Previous Release Highlights
Brief summaries of new features in previous MMCloud releases.
Imperia 3.0 Release
The Imperia 3.0 release accumulates the enhancements from the 2.5.x patch releases, adds new features, and improves the overall reliability and scalability of the platform.
-
Storage Service enables a user to "register" (that is, pre-configure) a cloud service provider-offered storage service (such as AWS EBS or S3) or a network-based service (such as NFS) to serve as the file system created when a job starts.
All members of a group have access to storage registered by members of the group, although only the user who registered the storage (or the admin user) can delete or modify the storage. After registration, a storage service is assigned a name (configurable) and an identifier (automatic).
All storage services require configuration information (for example, an IP address or a bucket name, and access credentials in some cases). By registering storage, a user allows other members of the group to attach the storage using only the name or identifier.
-
Memory Machine Unified Snapshot Engine replaces the checkpoint/restore module used in earlier MMCloud releases and provides improved performance and additional features, such as GPU checkpoint and restore.
-
GPU checkpoint and restore capability enables users to run AI/ML (or algorithmically similar) jobs on the spot versions of the GPU-enabled compute instances.
Applications such as AI/ML make extensive use of tensor calculations which can be accelerated using GPUs. GPU-enabled compute instances are expensive. For example, an on-demand AWS P4d.24xlarge instance (with eight NVIDIA A100 Tensor Core GPUs) costs approximately $32 per hour in the us-east-1 region. The same instance costs about $8 per hour as a spot instance, a 75% discount. Protection against spot reclaims is a significant benefit to users who run AI/ML workloads.
-
Rocky Linux is now the base operating system for the OpCenter and worker nodes because of its robust support for NVIDIA drivers.

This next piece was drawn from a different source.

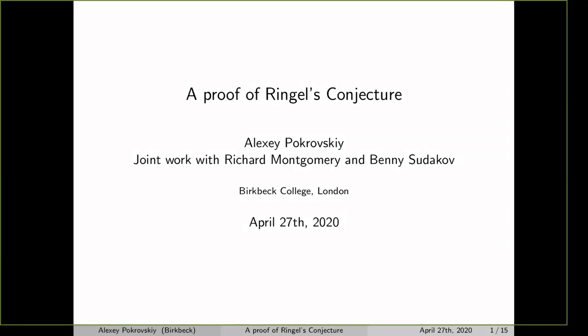We should start. Hi everyone, thanks for joining us today. It's a pleasure to have Alexi Pokrovsky to speak today on a proof of Ringel's conjecture — a very recent result joined with Richard Montgomery and Benny Sudakov. If you have any questions during the talk, you can write them in the chat; unless there is something urgent, we will take all the questions to the end. So, Alexi, you can start. Thank you, Liana, and thank you for the invitation to speak today.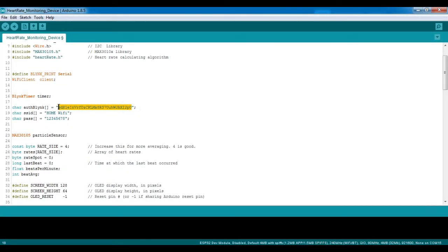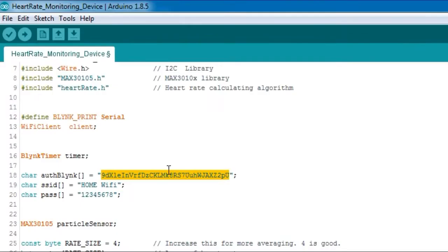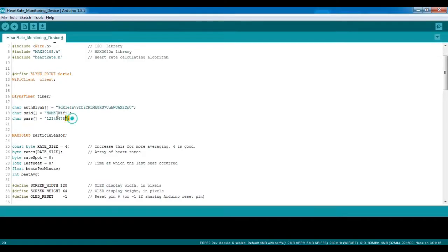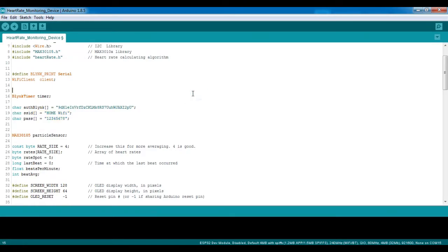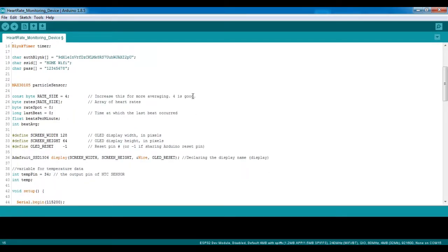I added my authentication key from Blink and you can always get yours if you want to display your own data on a Blink application. This is my hotspot name and my password so input yours if you are going to be building upon this code.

Rocky Linux is an open source, community-supported Linux distribution designed to be 100% bug-compatible with Red Hat Enterprise Linux (RHEL). Earlier MMCloud releases rely on CentOS Stream, a community-driven Linux distribution that tracks just ahead (upstream) of RHEL. CentOS Stream uses a rolling release model whereas Rocky Linux follows a traditional release model (scheduled updates) that tracks RHEL. Although both distributions offer performance and stability, Rocky Linux stresses stability over being on the leading edge.
-
High-performance, scalable, distributed file systems (JuiceFS and Lustre) are available as options when configuring data volumes for a job.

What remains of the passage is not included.